Unexpected Reshards When Changing Root Volumes

We are working on a migration to Ubuntu from CentOS, and ran into an issue with nodes trying to reshard, because the CPU Set settings have changed since they were created.

Background:

We’ve run into an issue when trying to upgrade nodes from CentOS to Ubuntu. The gist of what we are doing is using AWS EC2’s “Root Volume Replacement” to swap the CentOS root volume out for a new Ubuntu one, and handle any configuration before restarting the node. This has worked in all of our test clusters and all but 1 of our production clusters.

That production cluster is using i3en.6xlarge instance types, with only 1 other cluster using i3en.xlarge (the rest are on i3*). The original AMI for most of the nodes on this cluster are an old 4.4.8 Scylla AMI, that has just be upgraded over the years. It was the last CentOS AMI available, so we were stuck there for a while. 2 nodes on the cluster have been rebuilt recently, and are running on a custom CentOS AMI that is based on 5.1+ Scylla AMIs. We have 1 node that has had the root volume replaced, using the above method.

Problem:

The node that had the root volume replacement is undergoing a reshard of all of the data. This was unexpected, because no other cluster has done this. Digging into things, we found that the offending node went from 24 cores to 22 cores in Prometheus metrics. CPU-2 seems to match other clusters, so the concern was more with why this cluster was using 24 cores to begin with.

The following configurations were found on all of the 4.4.8 AMI based nodes:
/etc/scylla.d/cpuset.conf

# DO NO EDIT
# This file should be automatically configure by scylla_cpuset_setup
#
# CPUSET="--cpuset 0 --smp 1"
CPUSET="--cpuset 0-23 "

/etc/scylla.d/perftune.yaml

cpu_mask: '0x00ffffff'
mode: mq
nic:
- eth0
tune:
- net

While the following was found on the newer nodes (2 new plus the root volume replaced node):
/etc/scylla.d/cpuset.conf

# DO NO EDIT
# This file should be automatically configure by scylla_cpuset_setup
#
# CPUSET="--cpuset 0 --smp 1"
CPUSET="--cpuset 1-11,13-23 "

/etc/scylla.d/perftune.yaml

cpu_mask: '0x00ffffff'
irq_core_auto_detection_ratio: 16  ### Missing on one of the newer rebuilds, not the replacement
irq_cpu_mask: '0x00001001'
nic:
- eth0
tune:
- net
- system
tune_clock: true

I’ve dug around and can’t find a why, but I assume that something changed with how the perftune is run on the i3en instances between 4.4 and 5.1.

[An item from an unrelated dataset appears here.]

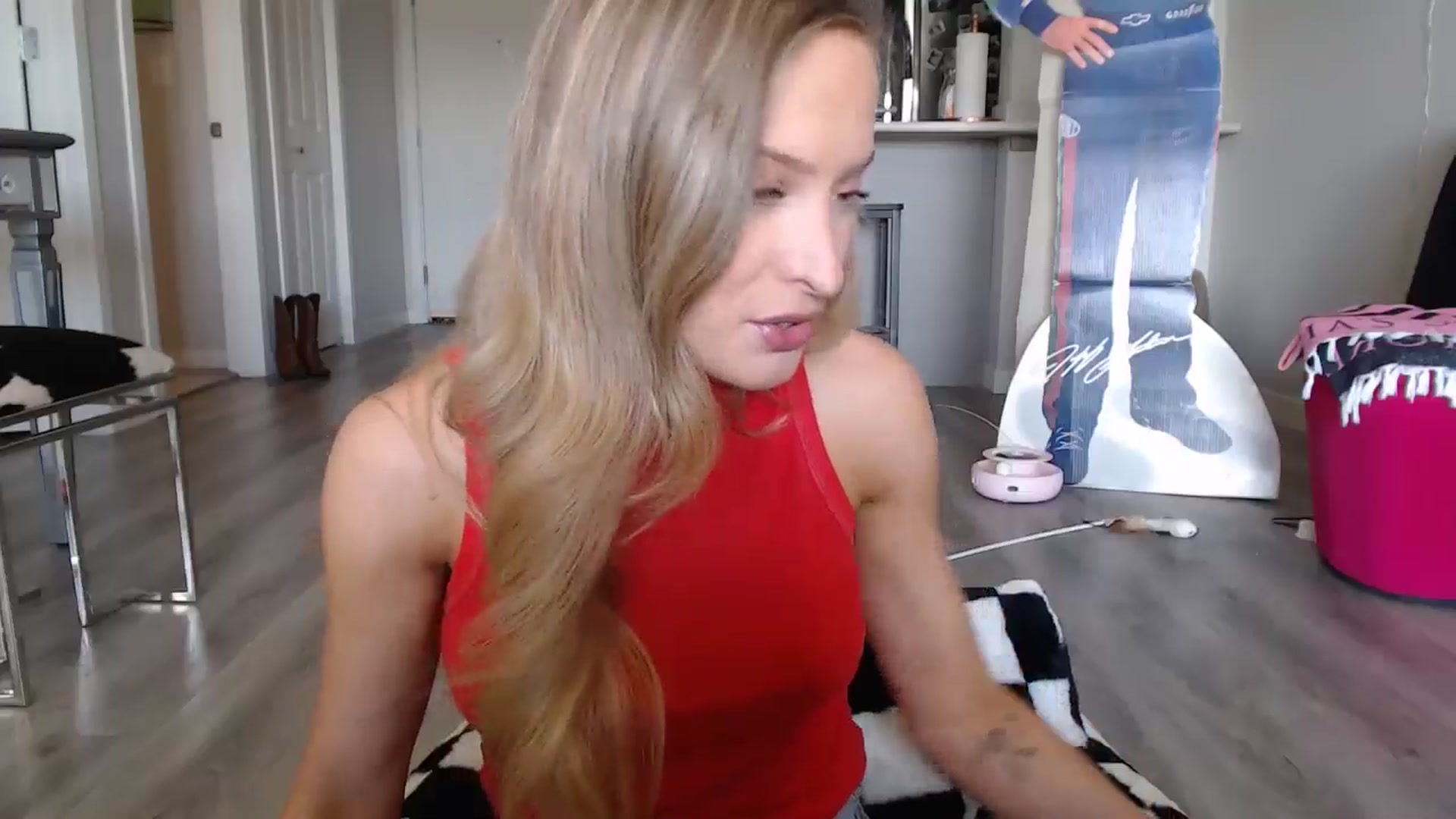 Gallery image thumbnail from AlexisWildest's myfreecams stream on, 06/29/2024, 20:31 image 12 of 20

My question boils down to, what is the recommended course of action here? This cluster is 39 nodes, with 400TB+ data on it, so resharding most of the nodes will probably take weeks, with a node being down the whole time. Is there a clean way we can keep the old CPU set for the old nodes for now? Will that have any negative impact?

Our main concern is getting off of CentOS, so if we can do that quickly and worry about the reshards over a long time period that would be preferable, assuming that doesn’t cause any major issues.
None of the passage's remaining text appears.